METHODS: Approximately 19,000 ICD codes were mapped, including injuries from the following categories: amputations, blood vessel injury, burns, crushing injury, dislocations/sprains/strains, foreign body, fractures, internal organ, nerve/spinal cord injury, intracranial, laceration, open wounds, and superficial injury/contusion. Two parallel activities were completed to create the maps: (1) An in-person expert panel and (2) an electronic survey. The panel consisted of expert users of AIS and ICD from North America, the United Kingdom, and Australia. The panel met in person for 5 days, with follow-up virtual meetings to create and revise the maps. Additional qualitative data were documented to resolve potential discrepancies in mapping. The electronic survey was completed by 95 injury coding professionals from North America, Spain, Australia, and New Zealand over 12 weeks. ICD-to-AIS maps were created for: ICD-9-CM and ICD-10-CM. Both maps indicated whether the corresponding AIS 2005/Update 2008 severity score for each ICD code was AIS 3+, 1/2, or indeterminable. Though some ICD codes could be mapped to multiple AIS codes, the maximum severity of all potentially mapped injuries determined the final severity categorization.

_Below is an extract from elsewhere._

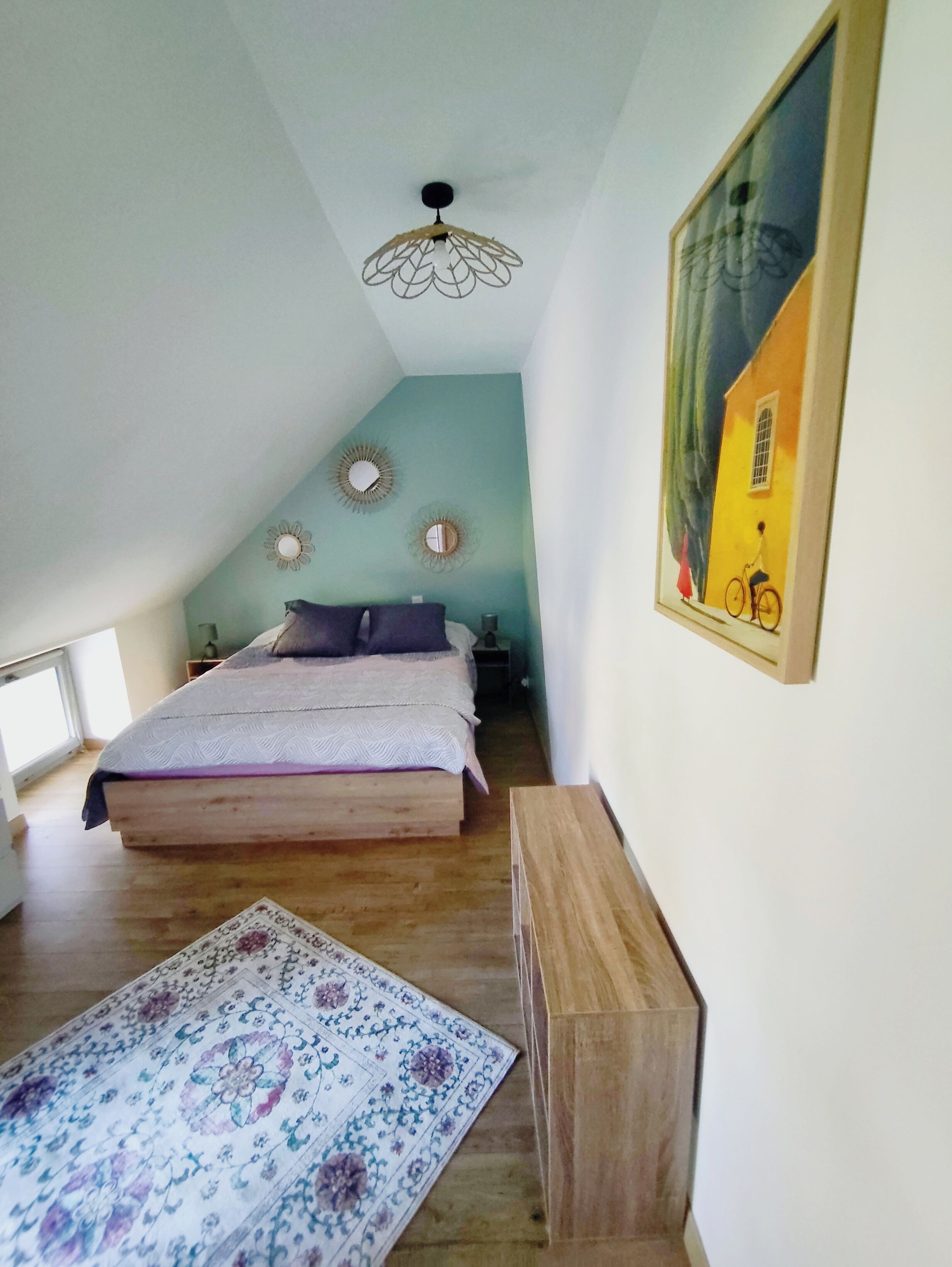 4 makuuhuonetta, silitysrauta/-lauta, vauvan matkasänky, ilmainen Wi-Fi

RESULTS: The in-person panel consisted of 13 experts, with 11 Certified AIS specialists (CAISS) with a median of 8 years and an average of 15 years of coding experience. Consensus was reached for AIS severity categorization for all injury-related ICD codes. There were 95 survey respondents, with a median of 8 years of injury coding experience. Approximately 15 survey responses were collected per ICD code. Results from the 2 activities were compared, and any discrepancies were resolved using additional qualitative and quantitative data from the in-person panel and survey results, respectively.

CONCLUSIONS: Robust maps of ICD-9-CM and ICD-10-CM injury codes to AIS severity categories (3+ versus <3) were successfully created from an in-person panel discussion and electronic survey. These maps provide a link between the common ICD diagnostic lexicons and the AIS severity coding system and are of value to injury researchers, public health scientists, and epidemiologists using large databases without available AIS coding.